## To do
Filter the entries below, keeping every line that has the word "Black".
------------
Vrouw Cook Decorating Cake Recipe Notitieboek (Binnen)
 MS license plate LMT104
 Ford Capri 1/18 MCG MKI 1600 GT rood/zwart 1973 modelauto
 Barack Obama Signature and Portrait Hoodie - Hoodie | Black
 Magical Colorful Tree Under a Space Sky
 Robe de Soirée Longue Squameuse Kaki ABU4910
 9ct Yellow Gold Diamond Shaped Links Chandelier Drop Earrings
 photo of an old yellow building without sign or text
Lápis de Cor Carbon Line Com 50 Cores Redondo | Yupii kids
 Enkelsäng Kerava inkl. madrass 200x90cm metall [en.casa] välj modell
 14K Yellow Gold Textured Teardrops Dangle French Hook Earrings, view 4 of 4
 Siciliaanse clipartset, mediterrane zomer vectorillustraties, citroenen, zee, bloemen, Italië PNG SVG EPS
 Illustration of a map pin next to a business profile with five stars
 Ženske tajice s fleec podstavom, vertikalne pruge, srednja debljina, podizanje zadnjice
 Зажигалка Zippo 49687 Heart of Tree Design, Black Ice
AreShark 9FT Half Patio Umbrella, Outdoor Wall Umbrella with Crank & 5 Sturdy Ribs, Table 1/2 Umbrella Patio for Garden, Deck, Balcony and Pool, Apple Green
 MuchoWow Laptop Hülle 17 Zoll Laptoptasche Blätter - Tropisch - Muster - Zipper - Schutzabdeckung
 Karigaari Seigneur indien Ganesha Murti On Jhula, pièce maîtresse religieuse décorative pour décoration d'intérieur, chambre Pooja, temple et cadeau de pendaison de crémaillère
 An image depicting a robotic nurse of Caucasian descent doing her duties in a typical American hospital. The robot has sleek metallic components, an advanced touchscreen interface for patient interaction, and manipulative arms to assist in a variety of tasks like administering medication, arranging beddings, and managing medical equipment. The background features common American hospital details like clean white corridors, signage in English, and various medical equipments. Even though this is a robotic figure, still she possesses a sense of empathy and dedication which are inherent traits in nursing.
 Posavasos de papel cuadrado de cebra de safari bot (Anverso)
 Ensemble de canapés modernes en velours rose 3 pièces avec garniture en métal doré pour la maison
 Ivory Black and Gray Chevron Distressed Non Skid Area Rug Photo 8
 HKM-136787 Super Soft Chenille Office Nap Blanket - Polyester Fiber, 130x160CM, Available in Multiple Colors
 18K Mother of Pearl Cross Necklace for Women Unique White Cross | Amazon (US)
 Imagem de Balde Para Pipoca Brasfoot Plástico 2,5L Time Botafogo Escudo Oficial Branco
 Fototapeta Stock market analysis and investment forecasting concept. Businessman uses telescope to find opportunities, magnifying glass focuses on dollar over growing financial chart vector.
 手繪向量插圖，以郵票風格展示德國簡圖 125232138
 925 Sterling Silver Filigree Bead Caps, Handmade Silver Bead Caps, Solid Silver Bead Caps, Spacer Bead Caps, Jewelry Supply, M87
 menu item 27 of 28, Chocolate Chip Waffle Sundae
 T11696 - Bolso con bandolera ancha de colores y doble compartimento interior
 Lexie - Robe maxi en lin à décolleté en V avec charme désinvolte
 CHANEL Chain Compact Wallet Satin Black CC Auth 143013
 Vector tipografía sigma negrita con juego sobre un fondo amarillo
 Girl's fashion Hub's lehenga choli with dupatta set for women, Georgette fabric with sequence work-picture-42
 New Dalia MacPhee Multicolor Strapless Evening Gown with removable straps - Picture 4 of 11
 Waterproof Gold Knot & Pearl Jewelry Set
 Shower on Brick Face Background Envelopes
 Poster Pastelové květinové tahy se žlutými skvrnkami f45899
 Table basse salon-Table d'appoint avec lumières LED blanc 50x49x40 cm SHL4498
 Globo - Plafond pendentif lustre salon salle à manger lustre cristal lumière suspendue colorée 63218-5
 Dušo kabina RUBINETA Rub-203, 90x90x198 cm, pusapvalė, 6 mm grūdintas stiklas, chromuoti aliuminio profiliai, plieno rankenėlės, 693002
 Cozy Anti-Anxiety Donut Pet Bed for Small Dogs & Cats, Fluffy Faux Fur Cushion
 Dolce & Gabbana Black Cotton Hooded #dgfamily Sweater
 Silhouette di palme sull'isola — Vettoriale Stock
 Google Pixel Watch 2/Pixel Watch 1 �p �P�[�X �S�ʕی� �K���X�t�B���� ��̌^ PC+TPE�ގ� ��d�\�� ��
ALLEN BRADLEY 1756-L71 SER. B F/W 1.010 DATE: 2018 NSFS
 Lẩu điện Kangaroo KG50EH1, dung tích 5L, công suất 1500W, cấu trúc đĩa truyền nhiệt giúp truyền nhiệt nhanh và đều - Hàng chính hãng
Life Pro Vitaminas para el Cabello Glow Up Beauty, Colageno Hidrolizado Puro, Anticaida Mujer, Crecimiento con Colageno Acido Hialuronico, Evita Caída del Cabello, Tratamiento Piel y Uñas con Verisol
------------
## Your response
 Barack Obama Signature and Portrait Hoodie - Hoodie | Black
 Зажигалка Zippo 49687 Heart of Tree Design, Black Ice
 Ivory Black and Gray Chevron Distressed Non Skid Area Rug Photo 8
 CHANEL Chain Compact Wallet Satin Black CC Auth 143013
 Dolce & Gabbana Black Cotton Hooded #dgfamily Sweater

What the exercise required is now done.